Traditionally, CNI plugins like Flannel and Calico configure routes or iptables on each node to enable pod-to-pod communication across nodes. The CNI plugin ensures that traffic destined for a Pod IP on a different node is routed appropriately, often using Linux routing tables, encapsulation (VXLAN, IP-in-IP), or BGP

NAT is the process of translating one IP to another IP address using a mapping. It modifies the IP address in packet headers as data moves between networks.

Cillium

Cillium is a CNI plugin that provides networking and security for pods in k8s. Instead of relying on iptables it uses eBPF programs in the linux kernel to handle packet forwarding, network policy enforcement and other functionality at a very low level.

Cillium Agent - runs as Dameonset on every node

  • Is responsible for setting up eBPF programs
  • Communicates changes in pods/services/endpoints.

Cillium Operator

  • Runs as a deployment - and performs cluster-wide tasks (like managing IP address allocations) and helps distribute state.

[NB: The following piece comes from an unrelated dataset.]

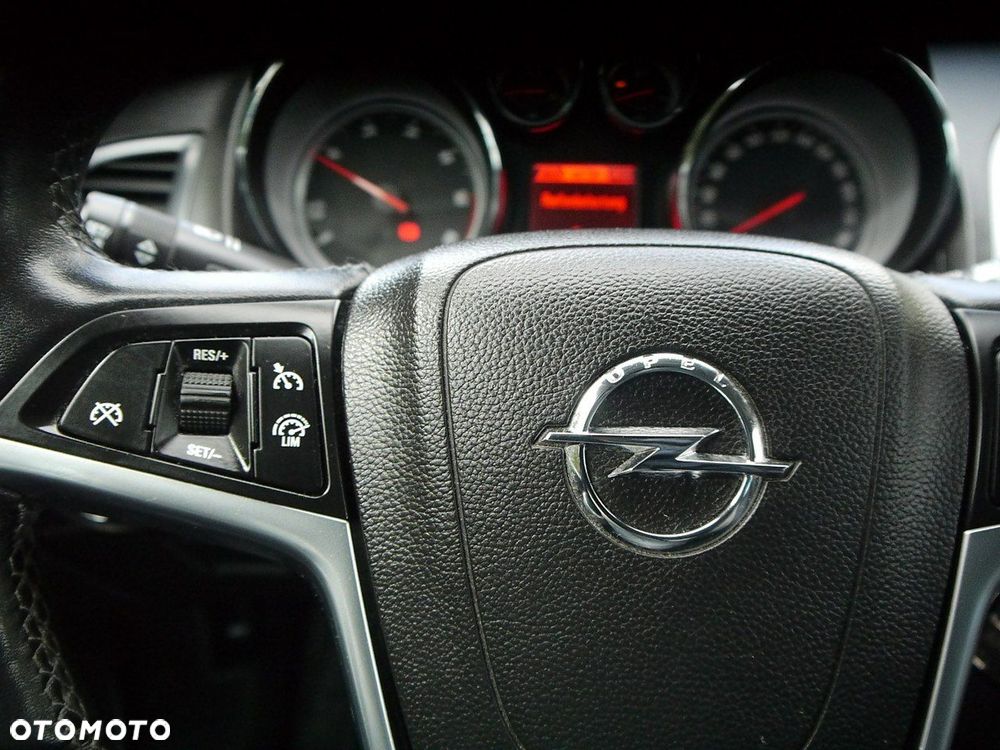 Opel Astra 1.6 CDTI Dynamic S&S - 27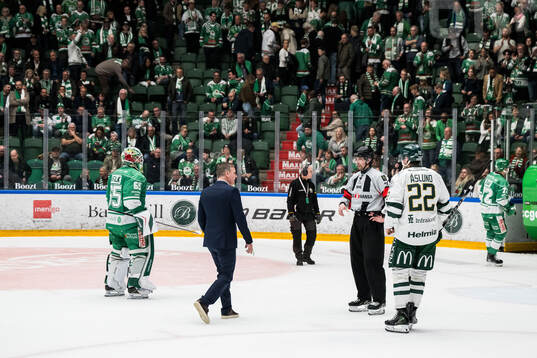 Rögles tränare Dan Tangnes och Domare Johan Wedin och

The way it works in Cillium is like this: pod initiates a connection eBPF on the local node performs NAT translation to find the destination pod address if the destination pod is local, eBPF sends the packet locally if the pod is remote, eBPF encapsulates and sends it across the network on the remote node, eBPF decapsulates the packet, looks up reverse NAT entries, and delivers it to the destination pod the same path is followed in reverse for the response

Most Cilium users configure Cilium as a complete replacement for kube-proxy to take advantage of the eBPF-based service handling

Note: CNI plugins do not interfere with Kube-Proxy which is responsible specifically for Service-Based traffic, not pod-to-pod networking.